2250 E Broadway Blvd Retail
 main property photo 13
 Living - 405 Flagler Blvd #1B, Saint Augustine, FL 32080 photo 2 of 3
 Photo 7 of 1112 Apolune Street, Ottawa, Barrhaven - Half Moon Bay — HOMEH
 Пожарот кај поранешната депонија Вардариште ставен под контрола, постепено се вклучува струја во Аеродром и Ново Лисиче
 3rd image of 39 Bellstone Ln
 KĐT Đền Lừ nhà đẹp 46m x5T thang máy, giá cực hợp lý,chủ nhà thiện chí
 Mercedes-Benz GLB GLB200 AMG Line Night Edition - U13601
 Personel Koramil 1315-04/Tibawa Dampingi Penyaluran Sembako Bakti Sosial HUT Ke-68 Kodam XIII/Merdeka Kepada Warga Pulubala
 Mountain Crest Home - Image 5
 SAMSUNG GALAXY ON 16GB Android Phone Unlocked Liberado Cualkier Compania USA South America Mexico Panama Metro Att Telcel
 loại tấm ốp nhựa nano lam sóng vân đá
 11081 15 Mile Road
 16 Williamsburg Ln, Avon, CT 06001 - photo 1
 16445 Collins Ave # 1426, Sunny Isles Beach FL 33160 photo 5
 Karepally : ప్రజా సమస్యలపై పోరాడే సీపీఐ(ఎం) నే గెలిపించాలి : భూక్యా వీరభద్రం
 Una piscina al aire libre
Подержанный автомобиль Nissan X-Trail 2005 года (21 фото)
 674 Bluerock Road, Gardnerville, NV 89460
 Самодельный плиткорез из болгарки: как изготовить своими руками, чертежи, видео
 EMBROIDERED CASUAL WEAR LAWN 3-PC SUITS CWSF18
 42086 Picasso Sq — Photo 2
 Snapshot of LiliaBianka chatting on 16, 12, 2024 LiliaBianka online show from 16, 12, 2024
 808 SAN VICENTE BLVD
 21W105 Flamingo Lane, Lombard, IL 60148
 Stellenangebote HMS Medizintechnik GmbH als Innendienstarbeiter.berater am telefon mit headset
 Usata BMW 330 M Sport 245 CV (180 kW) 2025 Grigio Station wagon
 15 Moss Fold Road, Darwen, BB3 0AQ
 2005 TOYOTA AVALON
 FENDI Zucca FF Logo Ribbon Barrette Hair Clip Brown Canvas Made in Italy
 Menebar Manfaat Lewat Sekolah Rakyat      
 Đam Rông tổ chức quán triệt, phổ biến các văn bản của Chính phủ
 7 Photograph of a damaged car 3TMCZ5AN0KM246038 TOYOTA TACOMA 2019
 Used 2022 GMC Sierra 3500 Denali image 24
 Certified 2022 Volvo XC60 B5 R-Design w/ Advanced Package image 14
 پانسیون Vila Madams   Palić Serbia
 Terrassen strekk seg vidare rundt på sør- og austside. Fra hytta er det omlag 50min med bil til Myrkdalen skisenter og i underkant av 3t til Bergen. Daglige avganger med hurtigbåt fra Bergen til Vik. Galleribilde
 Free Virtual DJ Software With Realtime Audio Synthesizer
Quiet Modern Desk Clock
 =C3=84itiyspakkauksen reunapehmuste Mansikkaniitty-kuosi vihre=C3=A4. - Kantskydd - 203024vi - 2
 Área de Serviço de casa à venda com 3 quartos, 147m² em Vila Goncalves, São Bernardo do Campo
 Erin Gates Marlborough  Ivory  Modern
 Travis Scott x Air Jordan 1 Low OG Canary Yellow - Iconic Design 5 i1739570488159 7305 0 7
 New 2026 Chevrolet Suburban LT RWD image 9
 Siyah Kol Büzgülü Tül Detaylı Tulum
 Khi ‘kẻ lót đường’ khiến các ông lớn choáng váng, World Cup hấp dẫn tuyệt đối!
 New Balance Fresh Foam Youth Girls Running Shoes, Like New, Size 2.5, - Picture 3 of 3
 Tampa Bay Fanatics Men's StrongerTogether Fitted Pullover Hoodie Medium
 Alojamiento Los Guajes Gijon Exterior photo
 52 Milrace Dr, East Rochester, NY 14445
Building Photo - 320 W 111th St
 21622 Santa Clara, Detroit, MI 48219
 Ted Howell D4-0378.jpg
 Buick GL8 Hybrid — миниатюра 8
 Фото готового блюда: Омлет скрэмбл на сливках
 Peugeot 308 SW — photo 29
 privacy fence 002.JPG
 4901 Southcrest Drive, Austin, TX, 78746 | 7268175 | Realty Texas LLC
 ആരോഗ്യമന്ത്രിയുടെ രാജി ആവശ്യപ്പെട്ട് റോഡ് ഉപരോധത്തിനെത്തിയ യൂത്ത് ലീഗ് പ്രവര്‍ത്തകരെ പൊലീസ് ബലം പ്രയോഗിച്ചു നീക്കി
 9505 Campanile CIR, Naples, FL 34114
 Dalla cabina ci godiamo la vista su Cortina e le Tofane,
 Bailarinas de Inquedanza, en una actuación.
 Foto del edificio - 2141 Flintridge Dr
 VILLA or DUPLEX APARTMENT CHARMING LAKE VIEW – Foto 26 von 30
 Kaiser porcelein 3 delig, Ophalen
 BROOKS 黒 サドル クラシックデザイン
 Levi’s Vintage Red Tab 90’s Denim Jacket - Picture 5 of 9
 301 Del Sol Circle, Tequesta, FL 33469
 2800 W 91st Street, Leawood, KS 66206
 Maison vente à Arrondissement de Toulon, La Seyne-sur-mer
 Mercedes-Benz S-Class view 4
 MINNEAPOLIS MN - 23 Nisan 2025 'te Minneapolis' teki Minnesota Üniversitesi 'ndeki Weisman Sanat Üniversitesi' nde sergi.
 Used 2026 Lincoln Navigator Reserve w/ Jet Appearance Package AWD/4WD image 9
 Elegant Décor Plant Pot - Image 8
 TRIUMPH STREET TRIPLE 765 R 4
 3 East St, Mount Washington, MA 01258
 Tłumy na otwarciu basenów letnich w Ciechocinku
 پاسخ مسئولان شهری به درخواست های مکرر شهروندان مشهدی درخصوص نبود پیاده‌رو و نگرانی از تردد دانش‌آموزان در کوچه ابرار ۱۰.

^^^^^^^^

[DESCRIPTION OF THE TASK]
Here the job is to set down exactly the lines of the material above that fall between the one with "Menebar Manfaat Lewat Sekolah Rakyat" and the one with "4901 Southcrest Drive, Austin, TX, 78746", inclusive, and nothing beyond them.

[SOLUTION FOR THIS PROBLEM]
 Menebar Manfaat Lewat Sekolah Rakyat      
 Đam Rông tổ chức quán triệt, phổ biến các văn bản của Chính phủ
 7 Photograph of a damaged car 3TMCZ5AN0KM246038 TOYOTA TACOMA 2019
 Used 2022 GMC Sierra 3500 Denali image 24
 Certified 2022 Volvo XC60 B5 R-Design w/ Advanced Package image 14
 پانسیون Vila Madams   Palić Serbia
 Terrassen strekk seg vidare rundt på sør- og austside. Fra hytta er det omlag 50min med bil til Myrkdalen skisenter og i underkant av 3t til Bergen. Daglige avganger med hurtigbåt fra Bergen til Vik. Galleribilde
 Free Virtual DJ Software With Realtime Audio Synthesizer
Quiet Modern Desk Clock
 =C3=84itiyspakkauksen reunapehmuste Mansikkaniitty-kuosi vihre=C3=A4. - Kantskydd - 203024vi - 2
 Área de Serviço de casa à venda com 3 quartos, 147m² em Vila Goncalves, São Bernardo do Campo
 Erin Gates Marlborough  Ivory  Modern
 Travis Scott x Air Jordan 1 Low OG Canary Yellow - Iconic Design 5 i1739570488159 7305 0 7
 New 2026 Chevrolet Suburban LT RWD image 9
 Siyah Kol Büzgülü Tül Detaylı Tulum
 Khi ‘kẻ lót đường’ khiến các ông lớn choáng váng, World Cup hấp dẫn tuyệt đối!
 New Balance Fresh Foam Youth Girls Running Shoes, Like New, Size 2.5, - Picture 3 of 3
 Tampa Bay Fanatics Men's StrongerTogether Fitted Pullover Hoodie Medium
 Alojamiento Los Guajes Gijon Exterior photo
 52 Milrace Dr, East Rochester, NY 14445
Building Photo - 320 W 111th St
 21622 Santa Clara, Detroit, MI 48219
 Ted Howell D4-0378.jpg
 Buick GL8 Hybrid — миниатюра 8
 Фото готового блюда: Омлет скрэмбл на сливках
 Peugeot 308 SW — photo 29
 privacy fence 002.JPG
 4901 Southcrest Drive, Austin, TX, 78746 | 7268175 | Realty Texas LLC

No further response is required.